▸ Input data:
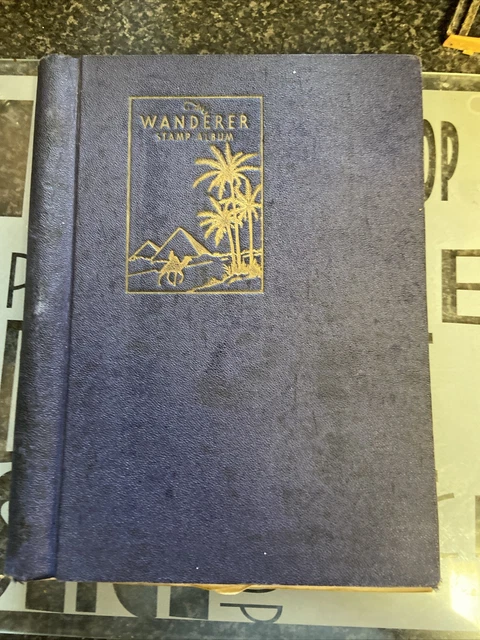 Very very old wanderer stamp album with 936 superb Very Old stamps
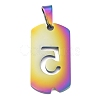 Ion Plating(IP) 304 Stainless Steel Pendants STAS-O127-A05-2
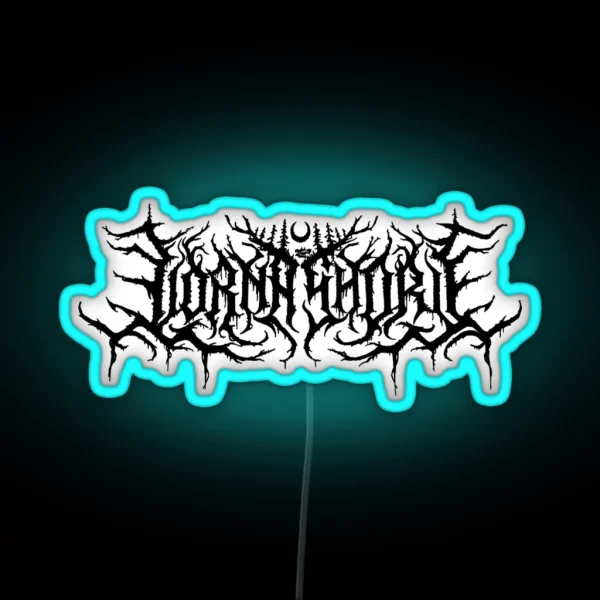 Lorna Shore Original Band Logo Fanart RGB Neon Sign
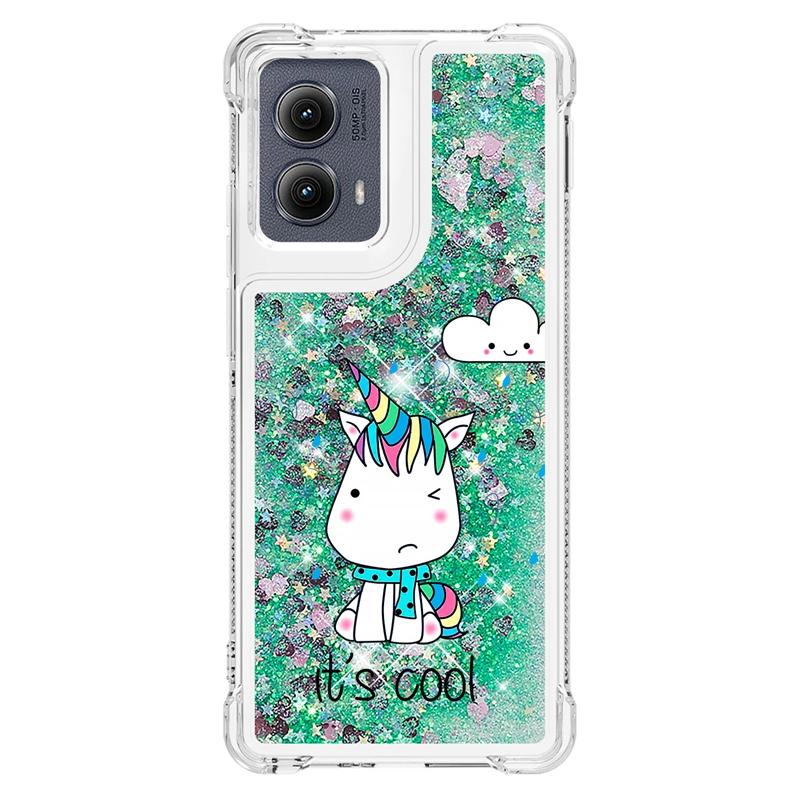 Edge 5G 2024 Case on For Fundas Motorola Edge 2024 Cover Bling Glitter Dynamic Liquid Case For Moto Edge2024 5G Phone Cases Etui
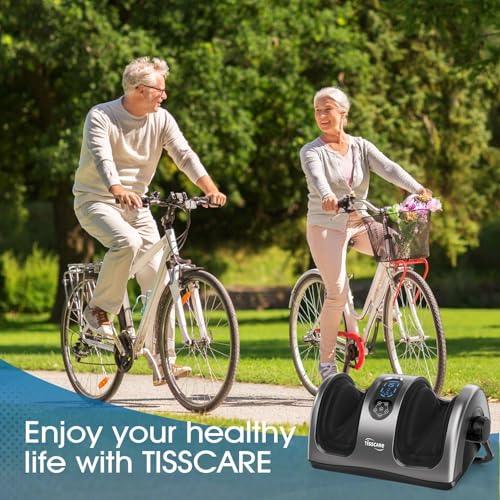TISSCARE Foot Massager with Heat, Shiatsu Foot Massager for Plantar Fasciitis, Neuropathy, Circulation and Pain Relief, Remote Control, Deep Kneading, Gifts for Women Men Mom Dad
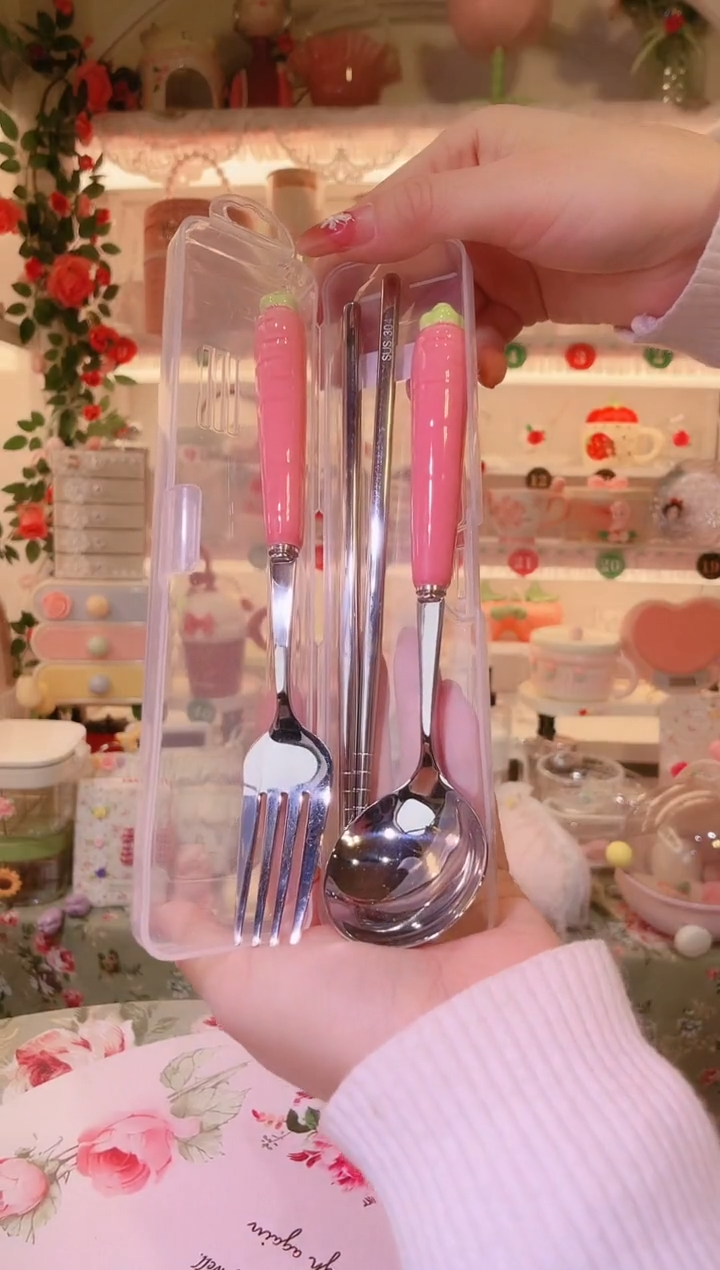 胡萝卜叉勺3件套——手工制作品质好！
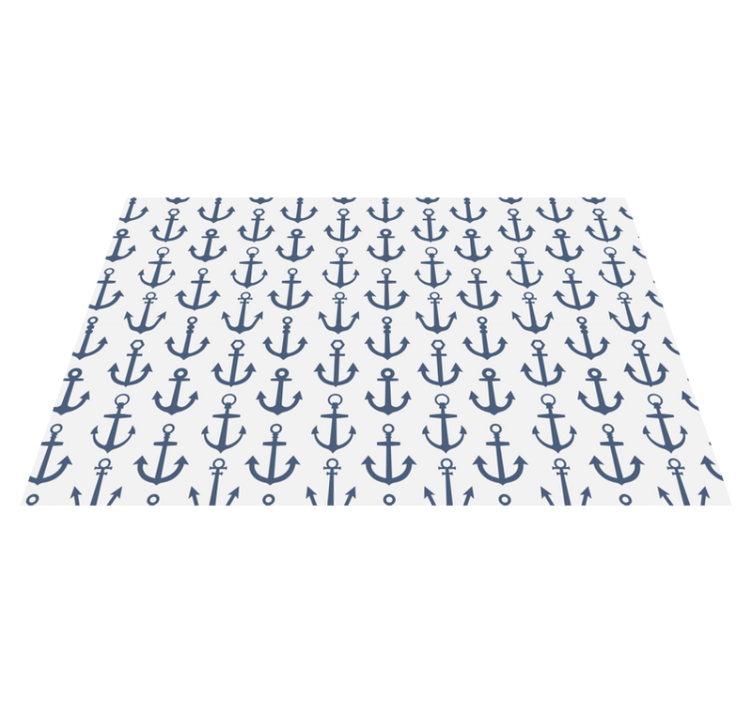 "Hampton Style" anchor set modern rug - TenStickers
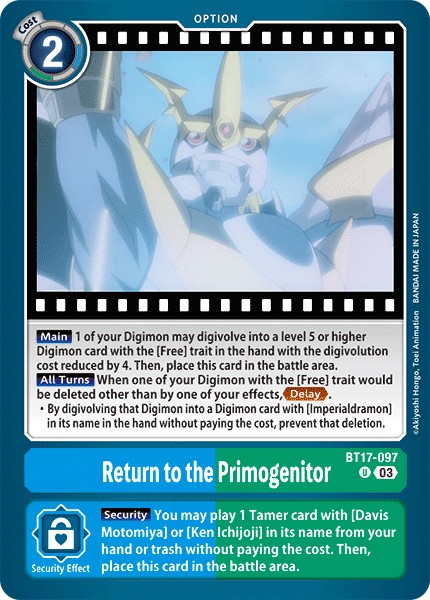 Return to the Primogenitor - Image 1
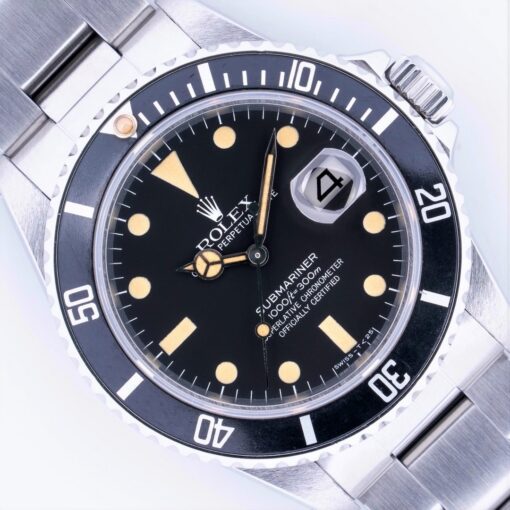 16800 Submariner Date (full set / LC 100 / top patina)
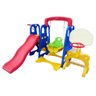 Playground Infantil 5x1 Crianças com 2 Cesta de Basquete Balanço Azul/vermelho/amarelo G31 - Encantu - 6
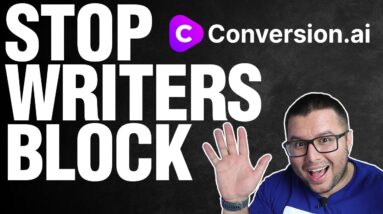 How to Write a Book with AI: Non-Fiction Lead Gen with Darby Rollins 16 Conversion AI Long Form Assistant - How To Write A Blog Post With Conversion AI Review Demo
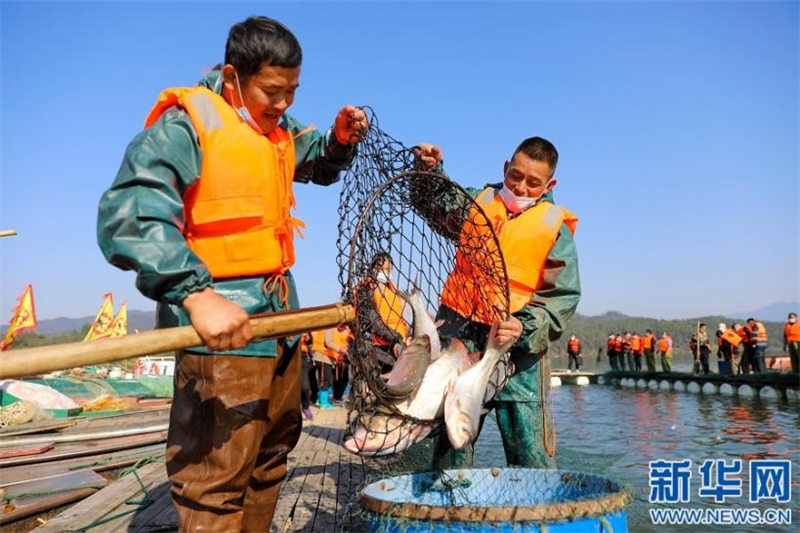 Uvuaji wa samaki katika majira ya baridi Wan’an, Jiangxi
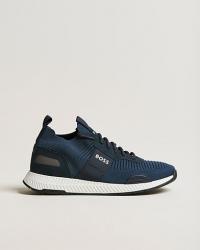 Titanium Running Sneaker Dark Blue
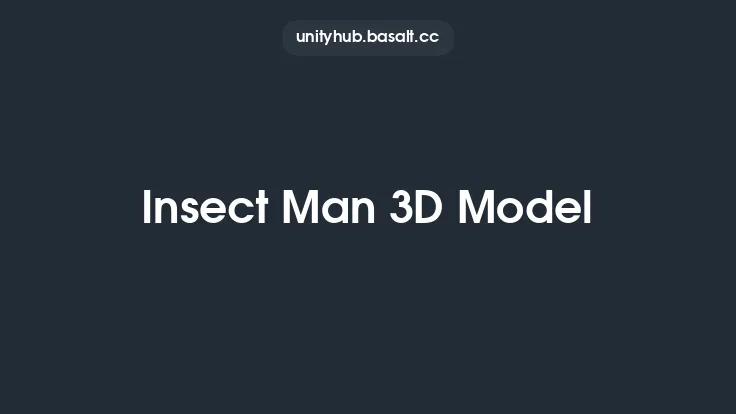 Insect Man 3D Model Thumbnail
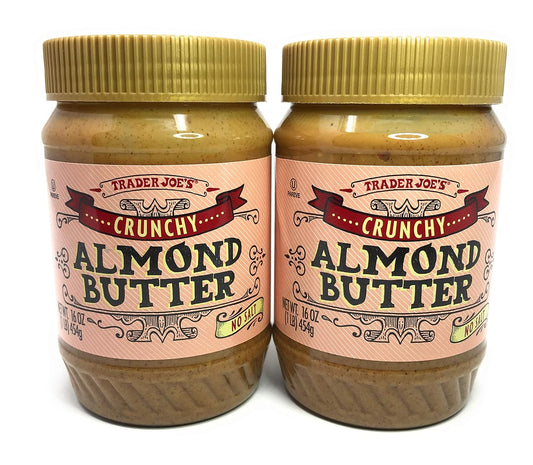 trader-joes-crunchy-no-salt-almond-butter---16-oz-pack-of-2---delicious-and-natural-almond-spread-1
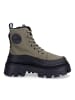 Palladium Schnürboot Pallasquad Zip Tx in Olivegrün
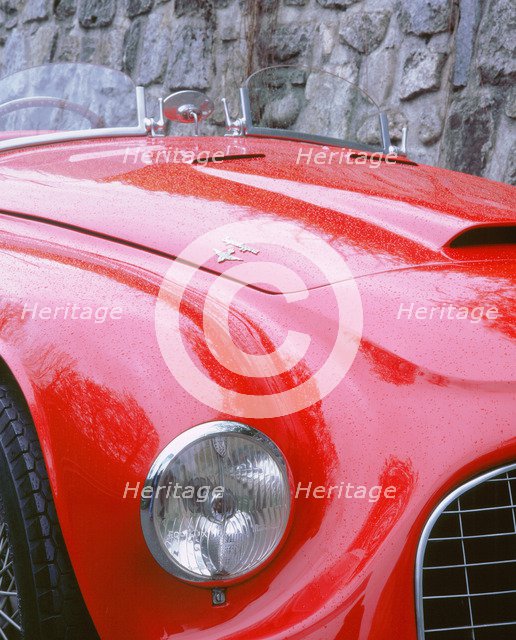 1949 Ferrari 166 Barchetta. Artist: Unknown.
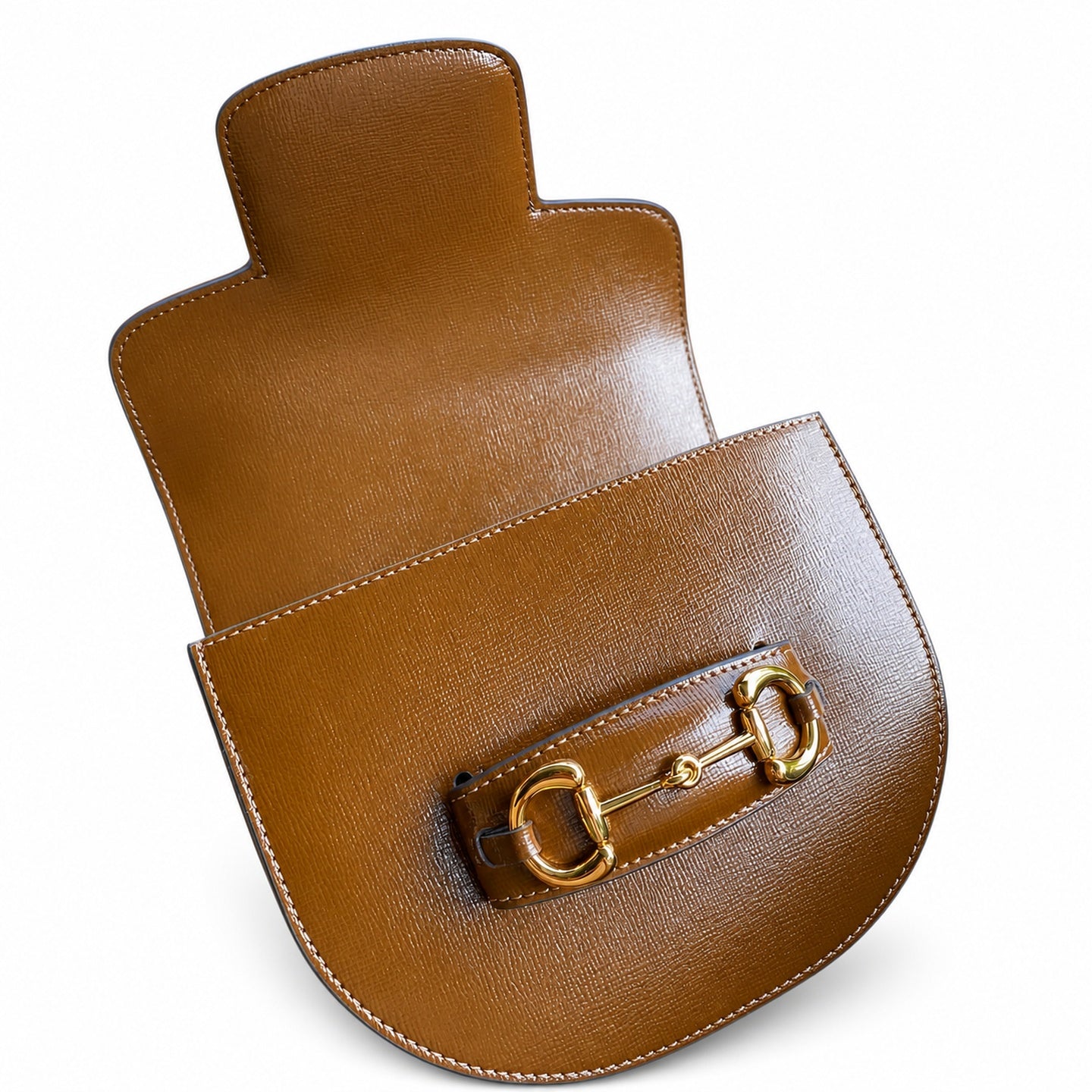 Gucci Mini Leather Beige Brown Handbag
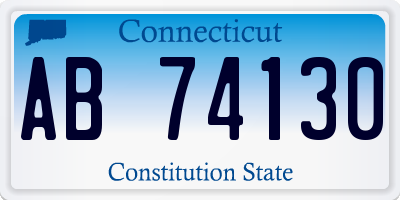 CT license plate AB74130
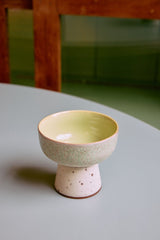 70s ceramics: tapas bowl on base L slush - Urban nest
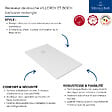 VILLEROY ET BOCH - Receveur découpable 170 X 90  Exclusive rectangle blanc - vignette
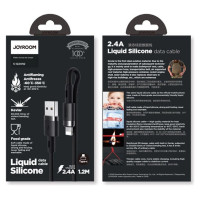 Joyroom Liquid Silicone Data Cable N2 USB-A / Lightning 2.4A 1.2m - Black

▸ What you will do: Include the first line of the records, the line containing "胡萝卜叉勺3件套——手工制作品质好！", and every line between them, repeated exactly. Skip the pictures.

▸ Solution to this task:
 Very very old wanderer stamp album with 936 superb Very Old stamps
 Ion Plating(IP) 304 Stainless Steel Pendants STAS-O127-A05-2
 Lorna Shore Original Band Logo Fanart RGB Neon Sign
 Edge 5G 2024 Case on For Fundas Motorola Edge 2024 Cover Bling Glitter Dynamic Liquid Case For Moto Edge2024 5G Phone Cases Etui
TISSCARE Foot Massager with Heat, Shiatsu Foot Massager for Plantar Fasciitis, Neuropathy, Circulation and Pain Relief, Remote Control, Deep Kneading, Gifts for Women Men Mom Dad
 胡萝卜叉勺3件套——手工制作品质好！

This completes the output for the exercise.